Infine, Antonio da Pereto, che all’inizio del suo generalato ebbe come vicario per l’Osservanza fr. Giovanni da Stroncone (uno dei primi compagni di fr. Paoluccio Trinci), fu favorevole alla nascita e allo sviluppo dei conventi dell’Osservanza in Italia e fuori, ma sostanzialmente contro il regime separato. Fu lui probabilmente a suggerire ad Alessandro V (1409) e Giovanni XXIII (1414) la proibizione per gli Osservanti francesi di avere vicari provinciali, e solo dopo lunghe discussioni concesse loro un vicario generale (1415); non esitò a far incarcerare, a Costanza, l’osservante fr. Guglielmo Josseaume (1417), poi consegnato al cardinale Pietro di Foix. Nel complesso, al capitolo generale di Mantova (1418), Antonio da Pereto – conscio dell’opposizione latente in Italia e in Spagna contro questa tendenza – gestì con equilibrio la questione della maggior autonomia per gli osservanti francesi, cui il Concilio di Costanza aveva ‘aperto’: raccomandò la sottomissione ai ministri provinciali e agli altri superiori legalmente eletti, ma allo stesso tempo dispose di rispettare la libertà di coloro che erano passati all’Osservanza. Inoltre, fu il regista dell’incontro che a Mantova i rappresentanti del capitolo generale ebbero con Martino V, di ritorno da Costanza; tra di essi vi erano alcuni osservanti (compreso il diacono Giovanni da Capestrano), che attraverso Antonio da Pereto presentarono un rotolo con cinque suppliche, che il papa accordò il 14 novembre. In quei mesi, infine, Antonio da Pereto autorizzò diverse fondazioni osservanti in Europa (a Gouda nei Paesi Bassi, a Nogfalw in Ungheria, e in Aragona).

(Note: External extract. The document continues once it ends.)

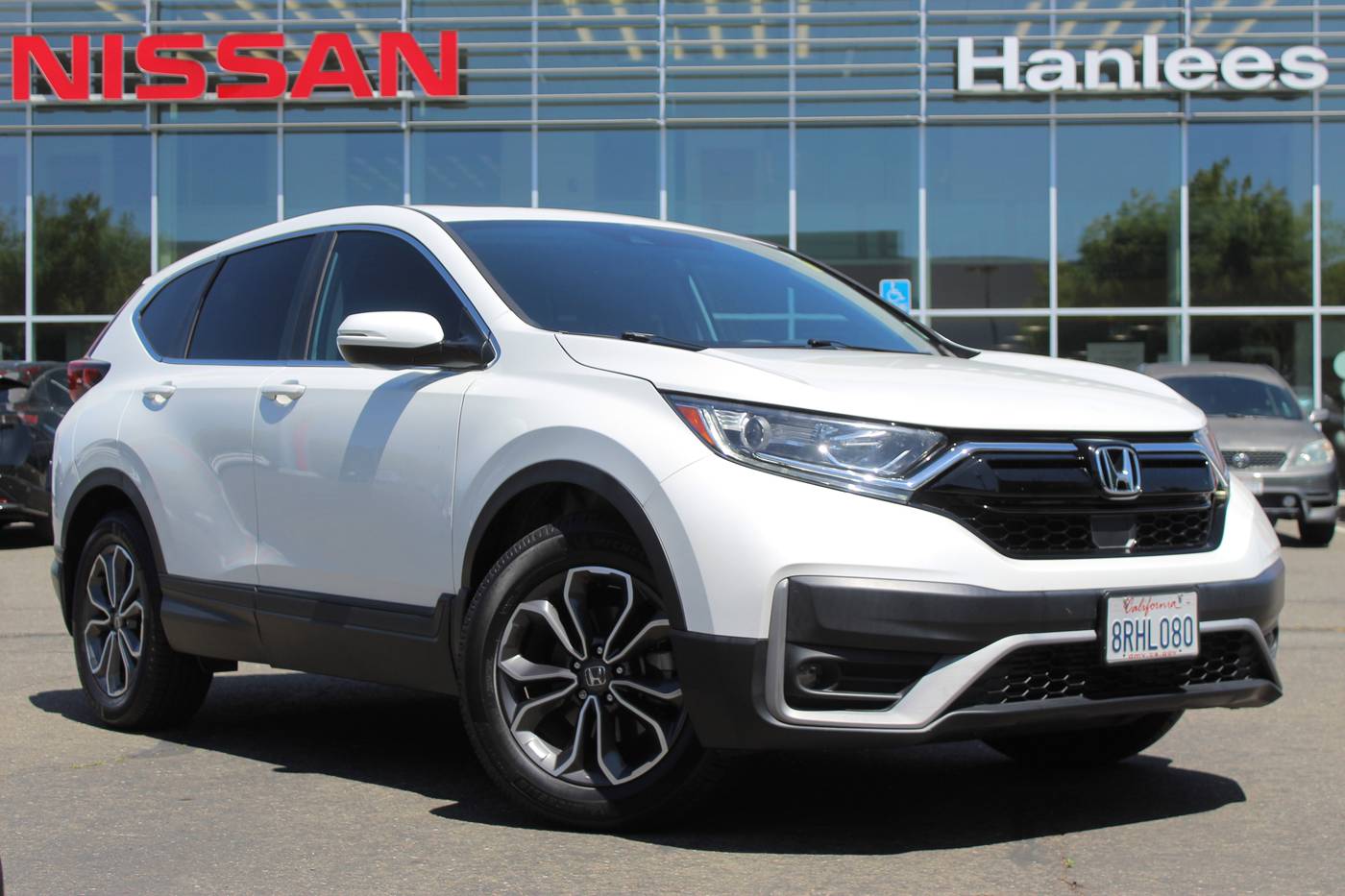 2020 Honda CR-V EX — SUV — 40,490 mi — Davis, CA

Il suo ultimo atto come ministro generale risulta essere una lettera indirizzata a fr. Guglielmo Monrava della provincia d’Aragona (13 giugno 1420). Non è plausibile la sua elezione a vescovo, come invece sostenuto da Mariano da Firenze; morì infatti prima del 20 novembre 1420, quando Louis Aleman, vicecamerlengo della camera apostolica, ordinò a fr. Nicolò da Tivoli, ministro della Provincia romana, di far pagare i debiti del defunto ministro generale Antonio da Pereto, che doveva restituire la somma di 400 fiorini d’oro al cardinale Ludovico Fieschi.
Suo successore alla guida dell’Ordine fu Angelo Salvetti, eletto nel capitolo generale di Forlì del 1421.